• _Work instruction_:
From the listing below, please restate exactly the lines beginning at the one with "Script Rose Gold" and ending at the one with "Alana Wood Full", both included, and skip the pictures.

(Beginning of Provided records)

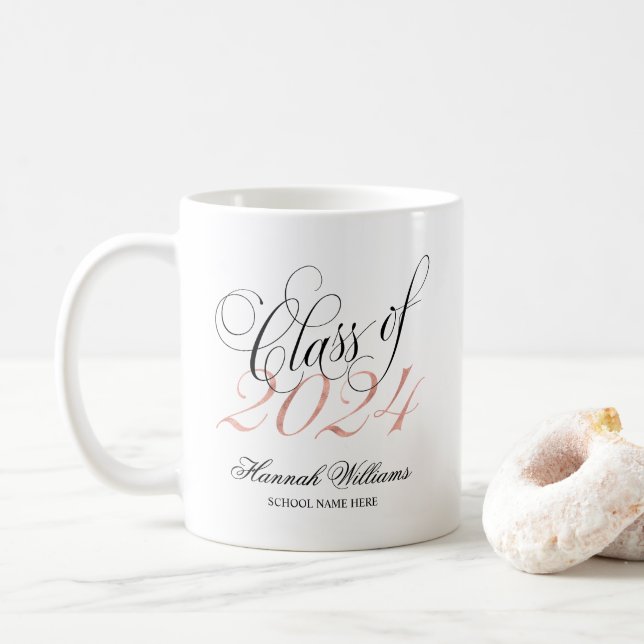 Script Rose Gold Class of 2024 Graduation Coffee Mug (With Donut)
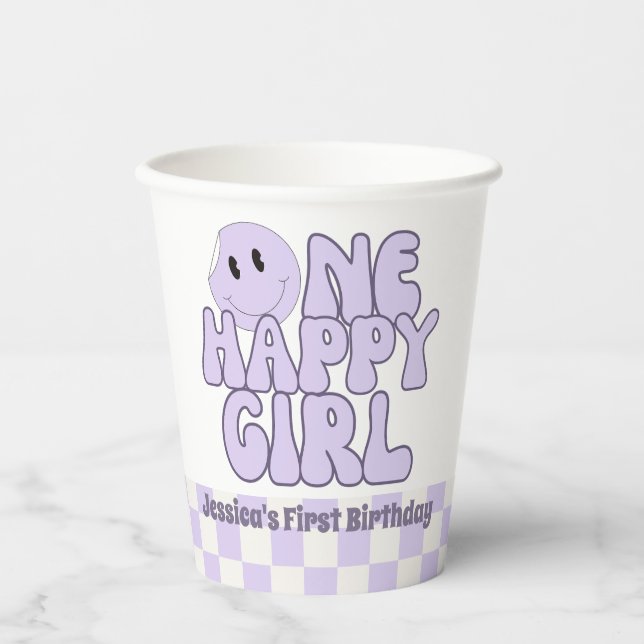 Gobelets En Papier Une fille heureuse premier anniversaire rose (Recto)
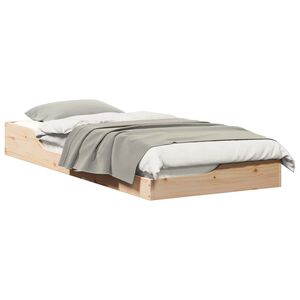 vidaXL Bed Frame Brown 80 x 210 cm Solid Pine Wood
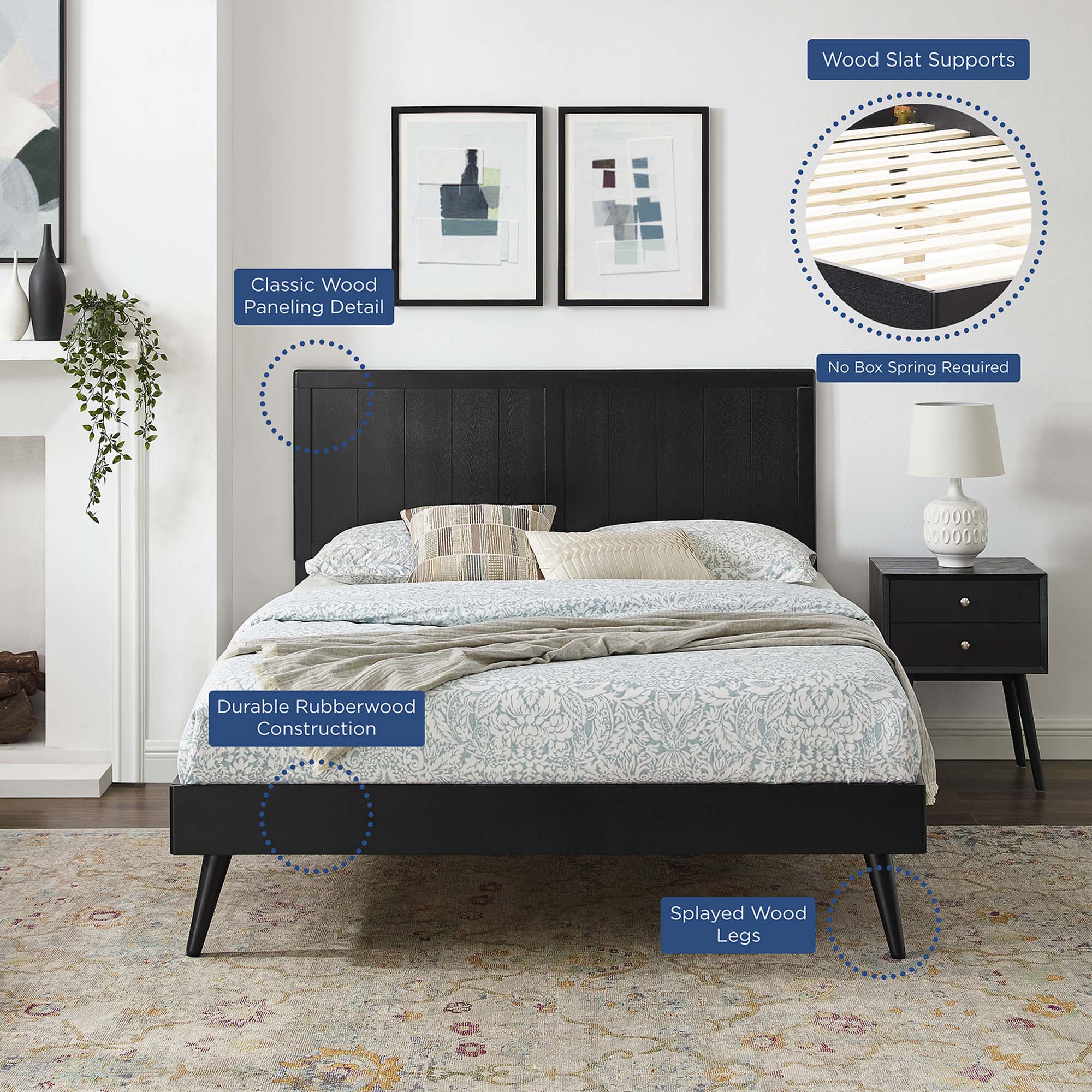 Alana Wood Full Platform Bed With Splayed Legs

(End of Provided records)
(Beginning of Provided records)

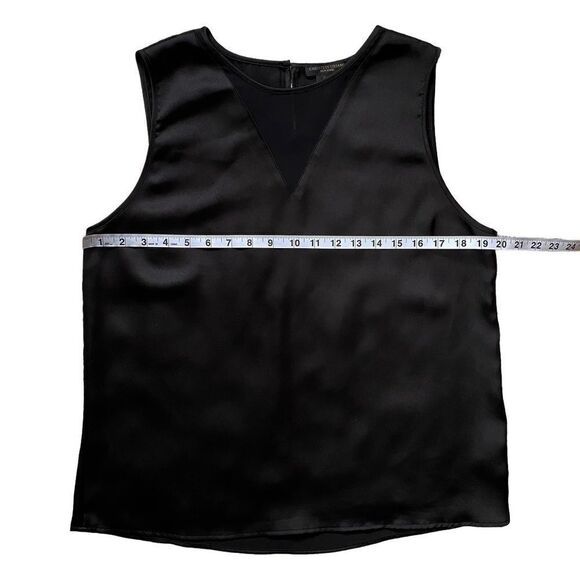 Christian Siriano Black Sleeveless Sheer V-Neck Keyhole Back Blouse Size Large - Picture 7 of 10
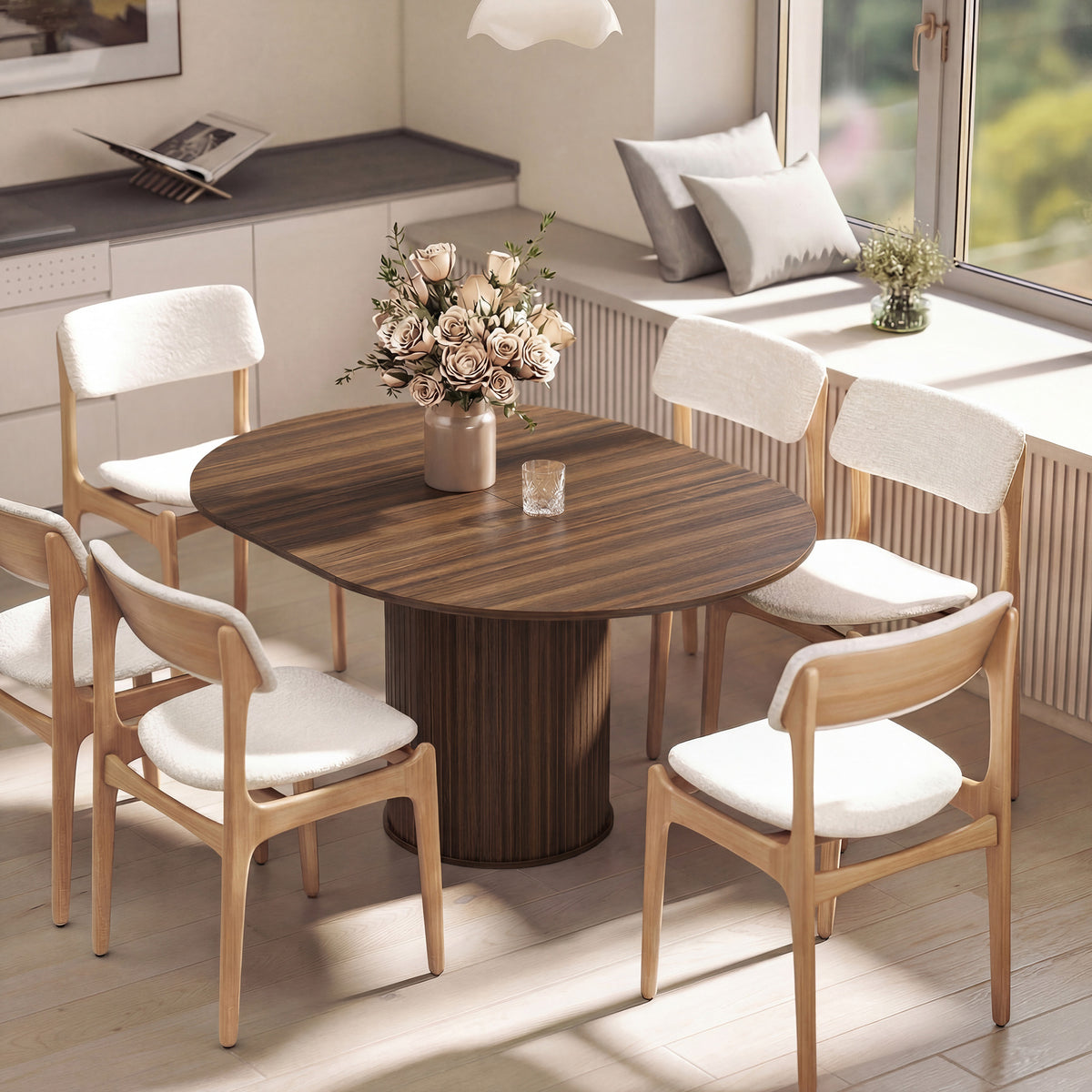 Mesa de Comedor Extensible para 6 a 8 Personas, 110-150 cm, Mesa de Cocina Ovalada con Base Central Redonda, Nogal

(End of Provided records)
(Beginning of Provided records)

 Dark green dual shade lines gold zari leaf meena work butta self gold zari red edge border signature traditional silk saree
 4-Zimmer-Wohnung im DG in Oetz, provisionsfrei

(End of Provided records)

• _Final answer_:
 Script Rose Gold Class of 2024 Graduation Coffee Mug (With Donut)
 Gobelets En Papier Une fille heureuse premier anniversaire rose (Recto)
 vidaXL Bed Frame Brown 80 x 210 cm Solid Pine Wood
 Alana Wood Full Platform Bed With Splayed Legs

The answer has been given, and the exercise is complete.